Sunday, March 02, 2008

Saeteros-Torres (not precedential): Hard To Prove Didn't Receive Court Notice If No Relief Available

In Saeteros-Torres v. Mukasey, No. 07-1294 (3d Cir. Jan. 29, 2008) (not precedential), the Third Circuit revisited how failure to receive notice of a court hearing is something you can argue and try to convince the immigration judge. If the court did not mail its notice to you by certified mail but instead only by regular mail, then there is a presumption of receipt that you can overcome with corroborating circumstantial evidence.

Here, the Third Circuit said the circumstantial evidence was not so obviously enough that it could overturn the BIA's refusal to reopen the case. Strangely, it seems the Third Circuit said that the person did not have a way to avoid deportation such as being eligible for a green card under the Cuban Adjustment Act, so it was not so clear that the person did not receive the notice.

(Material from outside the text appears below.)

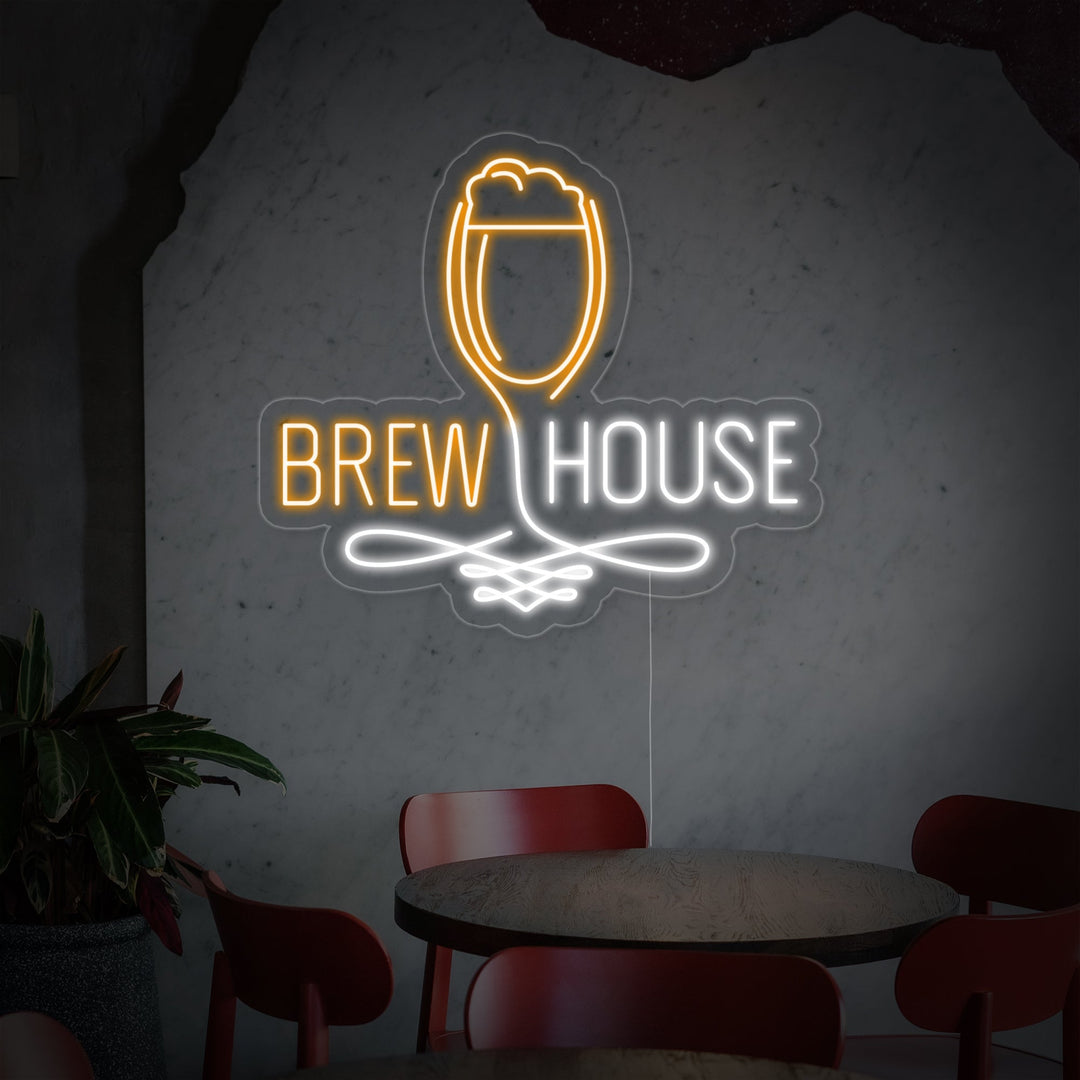 "Brew House Glas" Neon Verlichting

This is a bit controversial because the person was arguing about a type of relief that would have been possible -- asking for and getting voluntary departure. Seems the Third Circuit does not see voluntary departure (a way to avoid a deportation order) as compelling enough a motive to attend a court hearing so that it seems clear the person did not receive the notice. Maybe tips for the future are to include personality tests that show the person has a high level of obeying rules and complying with authority -- to offer more circumstantial evidence of not wanting to avoid a court date?